I am sure Spyder, Anebel, CJ8Sky or Koomy will beable to give you great advice.


----------



## Ahsisi (Apr 13, 2009)

Make sure that when you are asking for the left lead canter you aren't dropping your left shoulder to the inside. Stretch up tall through that inside shoulder, push his haunches to the left and then ask.


----------



## SilentBravery09 (May 22, 2009)

I had a horse that was very diffcult to get to pick up the left lead.
Once you rule out any poteinal vet problems and have talked to your trainer there were a couple excersices that I would do with my old gelding.

The first I was always working on bending and flexing him, and working on shoulder fore and haunches out.

And once he got the hang of that and was lose and supple we'd get him to do a shoulder in and ask for it then.

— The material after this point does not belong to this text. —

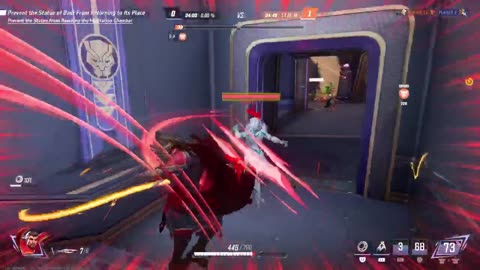 I'm Here to Relax... and Maybe Win? 🤷 ♂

It usually worked.

And circles circles circles. They were my best friend... and they worked to loosen him up.

The one work out that worked the best is Id get him on the rail, do an turn on the haunces, ask for a canter for 4 strides, stop, another turn on the haunches canter for four strides and so fourth.

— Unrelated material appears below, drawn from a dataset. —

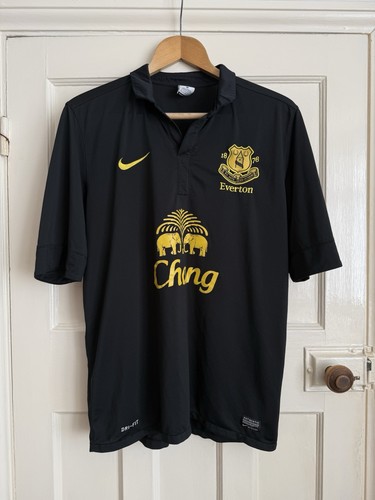 Nike everton 2012 2013 - nike,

If you can keep your horse in control and in good form it works really well, the horse starts to memorize what lead he is supposed to pick up in which direction.


----------



## ivorygold1195 (May 27, 2009)

it is really a common problam. when ur picking up the canter do it in a coner so that hes bending and turn his head stightly to the inside and lean your self just the slightest bit to the inside.


----------



## FlitterBug (May 28, 2009)

You answered your own question when you said he would switch the the correct lead when inside leg pressure was applied. Someone mentioned earlier that you may be unbalanced, which is very likely. I would guess that you sit heavy on your right side and right leg. Through this, your horse has become "stuck" in a slight right bend, with his barrel logded to the left. It could be so slight that you can hardly see it. With the barrel in the way, its hard to move his hind left forward, which is why he looked stiff in his hind left from the ground. To fix this, fix yourself. Start with riding at the walk and drop your weight in your left stirrup and left seatbone. Use left rein until you feel a shift under you and feel softness in the rein. Release the pressure, it should return shortly. Repeat the cue. If you feel through your reins with your reins even, your left rein will feel heavier. This means he has a slight right bend. 

Long term signs of this problem are usually lamenes in a hind leg from over bearing the weight. You could also have a vet check out to see if there is another reason that the horse is shifting his weight that doesn't have to do with you, but if there no other signs of lameness, then it is usually rider related. Once you do "dislodge" him from the left, he will be unstable and bounce from side to side, as a rider, you need to steady him. You will need to repeat this at walk and trot and it will take a while to change his pattern.


----------



## RedHawk (Jun 16, 2008)

Update: I have managed several times in the last couple of rides to get him to pick it up. I think a part of the problem was that I had a bit of a death grip on my outside rein, as I was trying to prevent him from tipping inwards. The other day I bit the bullet and let it go and with LOTS of insde leg... viola! Left lead canter! Its is FAR from perfect, he still leans in and is a bit unbalanced, but I think this is partly because he is under-muscled in this side from not using that lead in so long. But, we have the lead, so now we can work on improving it!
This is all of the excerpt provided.